Luca Romano was not used to restraint.
If he wanted something, he took it. If a problem stood in his way, he eliminated it. That was how his world worked—clean, decisive, final.
Elena did not fit that rule.
For days after their conversation on the terrace, she kept her distance—not dramatically, not bitterly. She simply lived. Meetings, calls, strategy sessions. She moved like someone who had already accepted the shape of her life.
Without him.
Luca watched from the edges, unsettled.
He tried subtlety first.
An invitation to dinner—just the two of them.
She declined politely. “I have work.”
A request for her opinion on a deal he had already approved.
She gave it. Professionally. Briefly.
A late-night conversation in the library.
She left once the discussion ended.
There was no anger in her actions.
That was the hardest part.
“You’re avoiding me,” Luca said finally, stopping her in the hallway.
“No,” Elena replied calmly. “I’m choosing myself.”
He studied her face, searching for cracks that weren’t there. “I’m trying.”

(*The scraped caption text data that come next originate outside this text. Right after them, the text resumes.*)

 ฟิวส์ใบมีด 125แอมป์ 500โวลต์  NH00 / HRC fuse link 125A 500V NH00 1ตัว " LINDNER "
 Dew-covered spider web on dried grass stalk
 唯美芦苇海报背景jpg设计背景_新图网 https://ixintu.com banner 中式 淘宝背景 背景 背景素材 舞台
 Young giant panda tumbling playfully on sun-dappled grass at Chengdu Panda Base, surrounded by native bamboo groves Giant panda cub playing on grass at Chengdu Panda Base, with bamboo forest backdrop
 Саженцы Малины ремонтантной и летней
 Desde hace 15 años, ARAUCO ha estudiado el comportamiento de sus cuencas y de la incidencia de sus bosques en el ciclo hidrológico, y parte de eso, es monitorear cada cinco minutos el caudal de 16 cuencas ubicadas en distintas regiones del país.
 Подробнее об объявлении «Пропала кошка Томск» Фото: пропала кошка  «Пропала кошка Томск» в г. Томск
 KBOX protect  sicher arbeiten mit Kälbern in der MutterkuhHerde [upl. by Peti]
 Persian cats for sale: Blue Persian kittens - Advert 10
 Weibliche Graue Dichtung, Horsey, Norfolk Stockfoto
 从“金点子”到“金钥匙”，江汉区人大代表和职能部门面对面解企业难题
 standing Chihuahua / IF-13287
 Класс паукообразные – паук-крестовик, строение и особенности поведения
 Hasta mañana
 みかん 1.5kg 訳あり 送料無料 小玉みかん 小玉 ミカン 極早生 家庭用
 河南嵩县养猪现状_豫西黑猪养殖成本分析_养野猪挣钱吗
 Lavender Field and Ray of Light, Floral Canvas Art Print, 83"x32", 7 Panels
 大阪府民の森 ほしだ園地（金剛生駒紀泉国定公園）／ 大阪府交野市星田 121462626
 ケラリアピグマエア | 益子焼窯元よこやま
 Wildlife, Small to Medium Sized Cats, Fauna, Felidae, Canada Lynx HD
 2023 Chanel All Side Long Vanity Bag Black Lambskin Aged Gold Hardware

She met his gaze. “Trying now.”
The words were quiet.
They carried weight.
That night, Luca refused the woman his guard announced at the door.
“Send her away,” he said.
The guard hesitated. “Sir?”
“I said send her away.”
When the door closed, the silence pressed in. Luca poured a drink he didn’t finish.
He realized something then—he had mistaken access for intimacy his entire life. Bodies were easy. Attention was easy.
Trust was not.
Elena, meanwhile, was making plans.
She met with advisors Luca had once dismissed. She proposed restructuring routes, investments, protections. Her ideas were sharp. Necessary. Independent.
“She’s preparing for something,” Luca’s consigliere warned.
Luca already knew.
“She’s preparing to stand alone,” Luca said quietly.
The moment it became undeniable came during a high-level meeting.
Elena disagreed with him.
Openly.
“We shouldn’t accept this alliance,” she said. “It weakens us long-term.”
The room froze.
No one contradicted Luca Romano.
Luca looked at her—really looked—and nodded.
“She’s right,” he said.
Shock rippled across the table.
Elena didn’t smile. Didn’t thank him.
She simply continued.
And in that moment, Luca understood the truth fully:
She didn’t need his approval.
She had outgrown it.
Later, he found her on the balcony again—their battleground.
“You’re planning something,” he said.
“Yes.”
“Does it involve leaving?”
She didn’t answer right away.
“That depends,” she said finally, “on whether this marriage is still a prison.”
The word hit hard.
Luca stepped closer. “I don’t want you to go.”
She faced him then, eyes steady. “That’s not the same as giving me a reason to stay.”
For the first time in his life, Luca Romano had to confront a reality he had built his empire avoiding:
Wanting someone was not power.
It was a request.
And Elena was no longer obligated to say yes.